Available data:
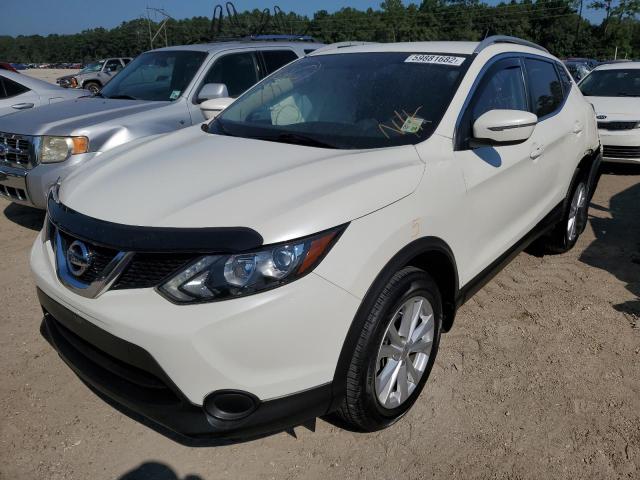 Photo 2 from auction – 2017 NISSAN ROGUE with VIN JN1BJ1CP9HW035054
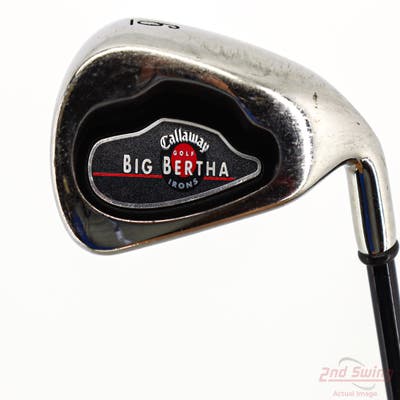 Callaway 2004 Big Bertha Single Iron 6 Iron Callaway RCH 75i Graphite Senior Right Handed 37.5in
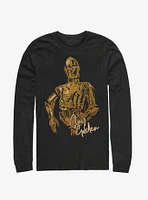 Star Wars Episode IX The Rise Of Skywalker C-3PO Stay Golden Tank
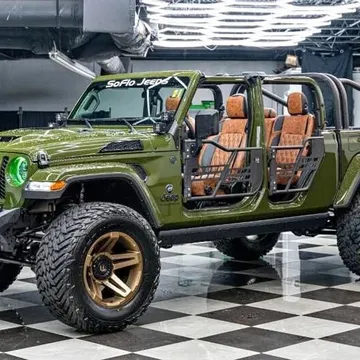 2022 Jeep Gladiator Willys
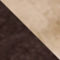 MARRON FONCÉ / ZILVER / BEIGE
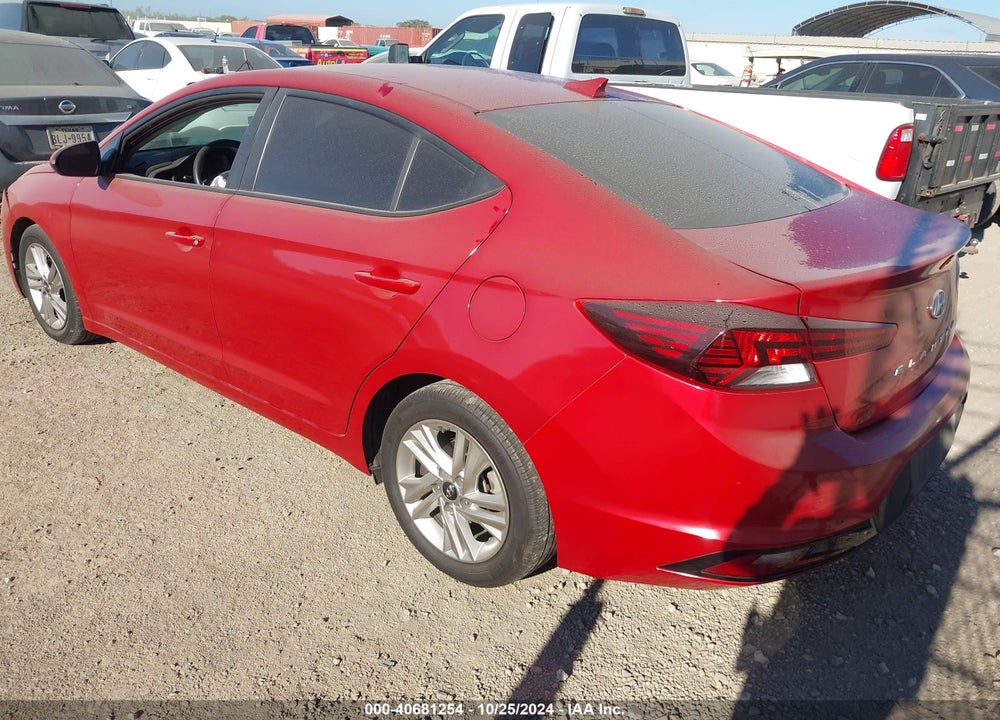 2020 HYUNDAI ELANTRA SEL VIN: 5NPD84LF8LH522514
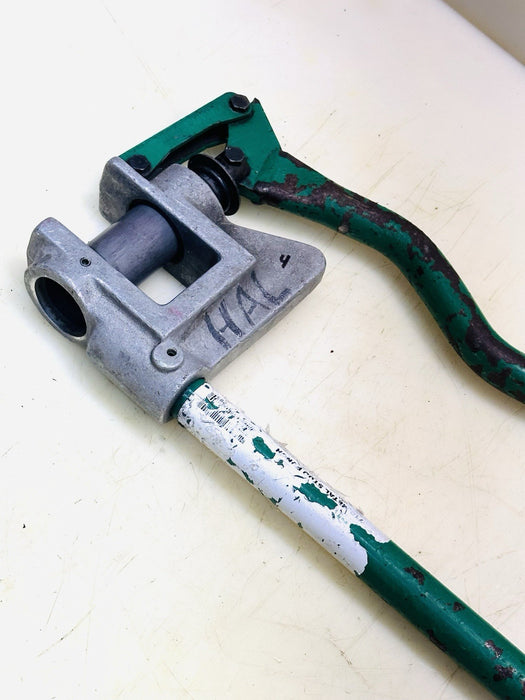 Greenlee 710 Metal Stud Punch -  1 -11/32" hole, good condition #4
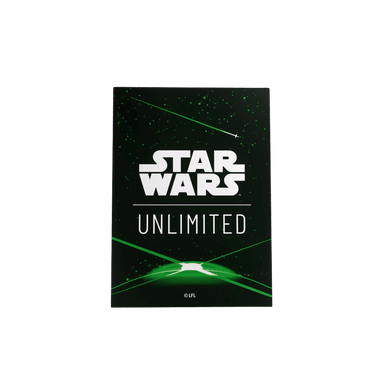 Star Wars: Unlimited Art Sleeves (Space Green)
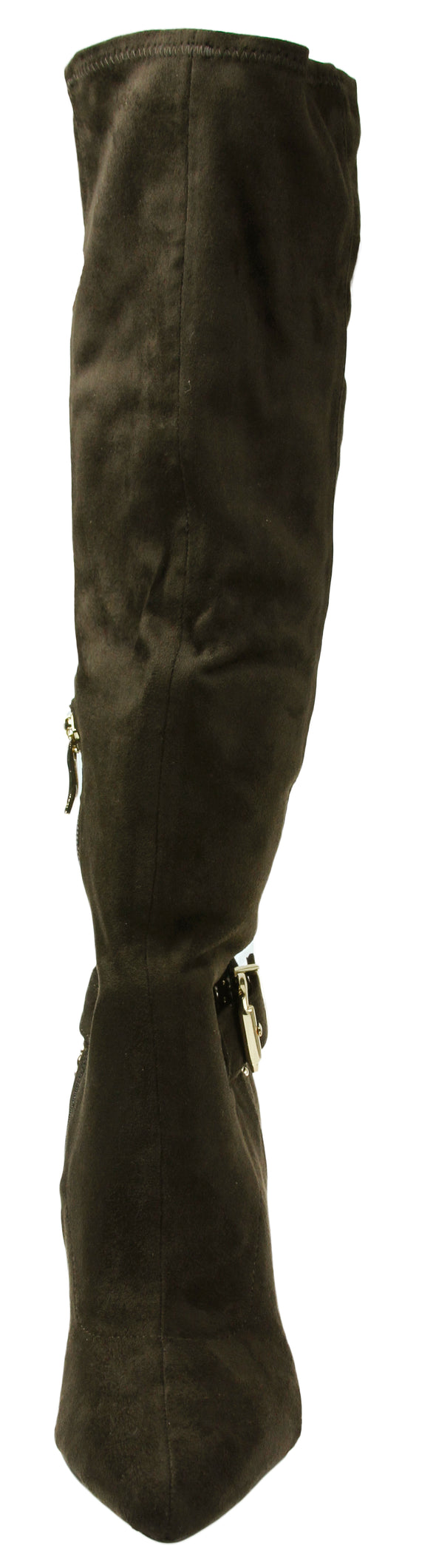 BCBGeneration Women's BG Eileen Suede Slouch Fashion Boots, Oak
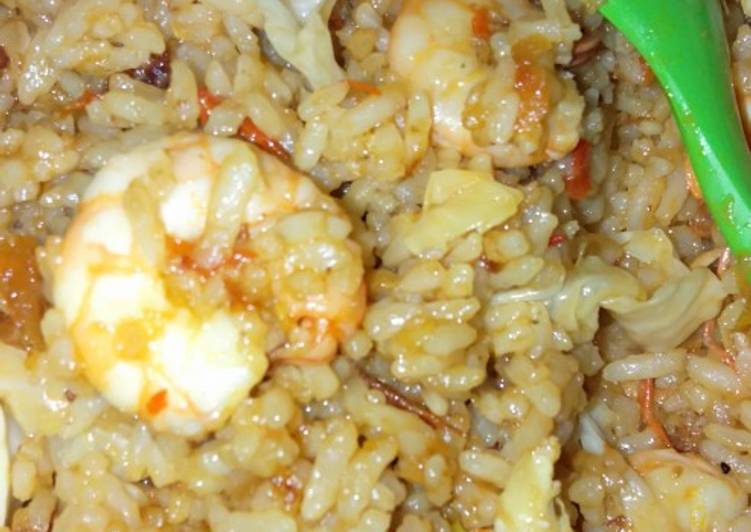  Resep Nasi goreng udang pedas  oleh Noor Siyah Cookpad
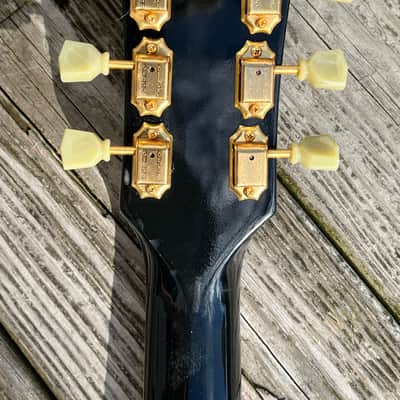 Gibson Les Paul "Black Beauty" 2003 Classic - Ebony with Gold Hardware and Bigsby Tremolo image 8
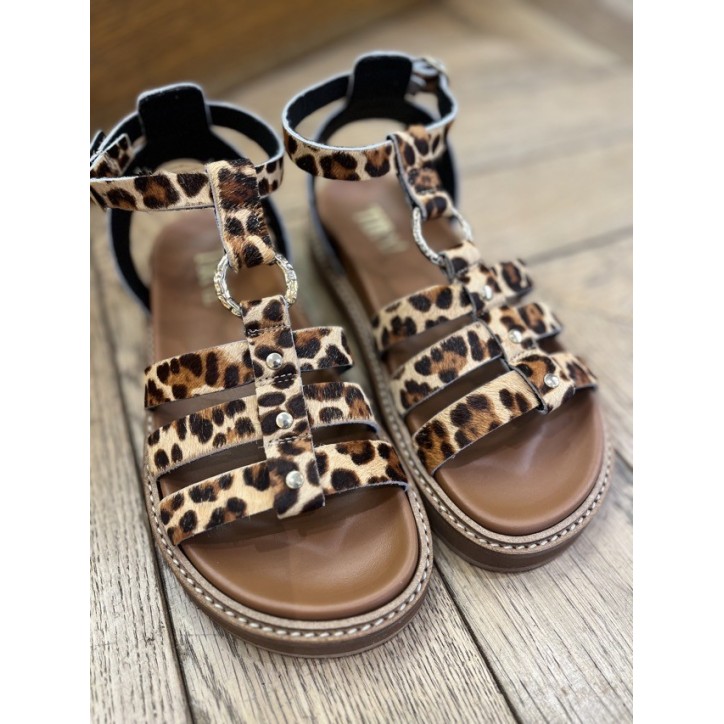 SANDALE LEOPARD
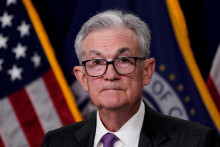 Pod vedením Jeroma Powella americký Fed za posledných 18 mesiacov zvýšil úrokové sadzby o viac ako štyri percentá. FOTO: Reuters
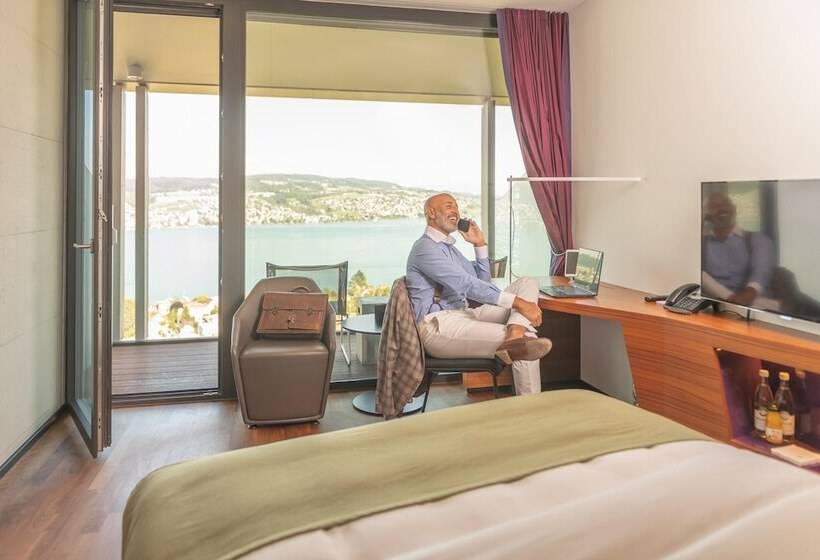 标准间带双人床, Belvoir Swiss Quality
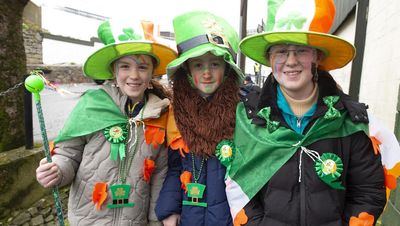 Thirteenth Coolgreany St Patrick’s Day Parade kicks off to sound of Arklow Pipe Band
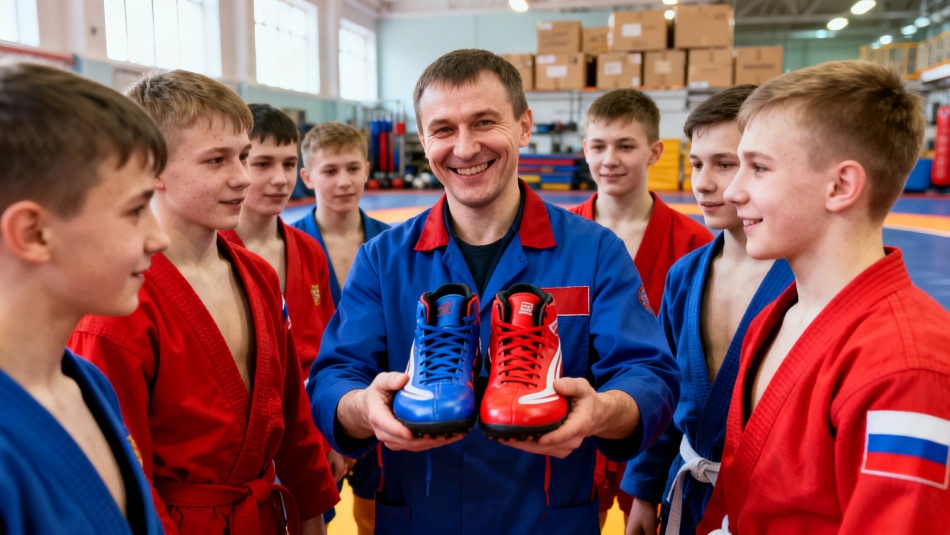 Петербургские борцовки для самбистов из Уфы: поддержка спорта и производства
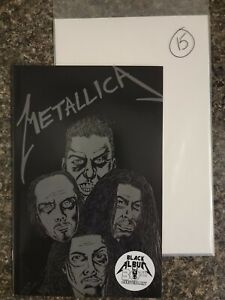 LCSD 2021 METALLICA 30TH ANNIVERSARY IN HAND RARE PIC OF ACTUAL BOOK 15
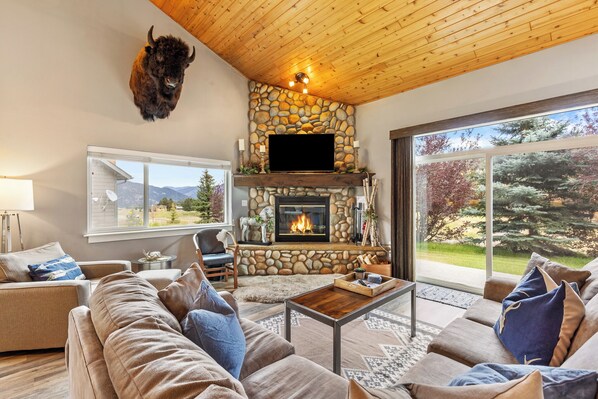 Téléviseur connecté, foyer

Your task: Each record must be repeated verbatim, and no picture may appear in the copy.

Response to the exercise:
 Photo 2 from auction – 2017 NISSAN ROGUE with VIN JN1BJ1CP9HW035054
 Callaway 2004 Big Bertha Single Iron 6 Iron Callaway RCH 75i Graphite Senior Right Handed 37.5in
 Star Wars Episode IX The Rise Of Skywalker C-3PO Stay Golden Tank
 2022 Jeep Gladiator Willys
 MARRON FONCÉ / ZILVER / BEIGE
 2020 HYUNDAI ELANTRA SEL VIN: 5NPD84LF8LH522514
 Greenlee 710 Metal Stud Punch -  1 -11/32" hole, good condition #4
 Star Wars: Unlimited Art Sleeves (Space Green)
 BCBGeneration Women's BG Eileen Suede Slouch Fashion Boots, Oak
  Resep Nasi goreng udang pedas  oleh Noor Siyah Cookpad
 Gibson Les Paul "Black Beauty" 2003 Classic - Ebony with Gold Hardware and Bigsby Tremolo image 8
 SANDALE LEOPARD
 Pod vedením Jeroma Powella americký Fed za posledných 18 mesiacov zvýšil úrokové sadzby o viac ako štyri percentá. FOTO: Reuters
 标准间带双人床, Belvoir Swiss Quality
 Thirteenth Coolgreany St Patrick’s Day Parade kicks off to sound of Arklow Pipe Band
 Петербургские борцовки для самбистов из Уфы: поддержка спорта и производства
 LCSD 2021 METALLICA 30TH ANNIVERSARY IN HAND RARE PIC OF ACTUAL BOOK 15
 Téléviseur connecté, foyer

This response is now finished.